Insgesamt wurden Zehntausende Menschen in den betroffenen Gebieten evakuiert, darunter 15.000 an der Grenze zwischen Tschechien und Polen. Der polnische Premierminister Donald Tusk erklärte in den am stärksten betroffenen südlichen Regionen des Landes den Notstand. In Polen wurden 14.000 Soldaten in die Überschwemmungsgebiete entsandt, um die Katastrophenhilfe zu unterstützen. In der Stadt Wrocław (Breslau) bereiten sich die Bewohner darauf vor, dass der Wasserstand am Donnerstag seinen Höhepunkt erreichen wird.
Auch andere Länder wie Ungarn, Kroatien und die Slowakei sind in höchster Alarmbereitschaft, da weitere starke Regenfälle prognostiziert werden.
Klimawandel als Ursache?
Die stellvertretende polnische Klimaministerin Urszula Sara Zielińska macht den Klimawandel für die Katastrophe verantwortlich. Sie erklärte gegenüber der BBC, dass nach den extremen Überschwemmungen von 1997 behauptet wurde, solche Ereignisse würden nur „einmal alle tausend Jahre“ vorkommen. Doch nur 26 Jahre später ereignet sich bereits eine erneute Katastrophe ähnlichen Ausmaßes. „Es gibt eine klare Ursache dafür, und das ist der Klimawandel“, sagte Zielińska.

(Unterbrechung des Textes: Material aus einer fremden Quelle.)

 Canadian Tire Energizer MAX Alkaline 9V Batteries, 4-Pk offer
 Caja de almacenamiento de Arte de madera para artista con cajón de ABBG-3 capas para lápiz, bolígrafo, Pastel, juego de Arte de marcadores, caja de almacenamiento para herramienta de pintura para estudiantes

Obwohl es noch zu früh für eine abschließende wissenschaftliche Analyse ist, welche Rolle der Klimawandel bei diesem extremen Wetterereignis gespielt hat, warnen Klimawissenschaftler bereits seit Langem, dass extreme Niederschläge in Europa mit steigenden Temperaturen zunehmen werden. Sie betonen, dass die Atmosphäre mit jedem Grad Celsius Erwärmung 7 Prozent mehr Wasserdampf aufnehmen kann. Auch eine Hitzewelle im Mittelmeerraum, die im vergangenen Monat Rekordtemperaturen erreichte, könnte die Situation verschärft haben. Hohe Meeresoberflächentemperaturen führen zu erhöhter Verdunstung und damit zu mehr Feuchtigkeit in der Luft. Diese warme, feuchte Luft traf auf kalte Luft aus der Arktis, was zu den schweren Regenfällen von Sturm Boris führte.
Laut Experten der World Weather Attribution-Gruppe wäre die Hitzewelle im Mittelmeerraum ohne menschgemachte globale Erwärmung „praktisch unmöglich“ gewesen.
Extreme Wetterereignisse in Europa „die neue Norm“
Die Europäische Union warnt davor, dass die verheerenden Überschwemmungen in Mitteleuropa und die tödlichen Brände in Portugal ein Beweis für einen „Klimazusammenbruch“ sind, der ohne sofortiges Handeln zur Norm werden könnte.
Janez Lenarčič, EU-Kommissar für Krisenmanagement, erklärte vor dem EU-Parlament in Straßburg, dass Europa nicht „in eine sicherere Vergangenheit zurückkehren“ könne. „Diese Tragödie ist keine Anomalie. Sie wird schnell zur Norm für unsere gemeinsame Zukunft“, sagte Lenarčič. Er warnte zudem, dass die Länder Schwierigkeiten haben, die steigenden Kosten solcher Katastrophen zu bewältigen. Die Schäden in Europa überstiegen 2021 und 2022 durchschnittlich 50 Milliarden Euro pro Jahr.
„Die Kosten der Untätigkeit sind weitaus höher als die Kosten der Aktion“, betonte er.
Nicolò Wojewoda, Europadirektor der internationalen Umweltorganisation 350.org, bezeichnet die jüngsten Ereignisse als „verheerendes Warnsignal“ für die Weltführer. „Wir erleben, wie gewöhnliche Menschen mit ihrem Leben bezahlen, während Entscheidungsträger den Klimaschutz verzögern und behindern“, sagte Wojewoda.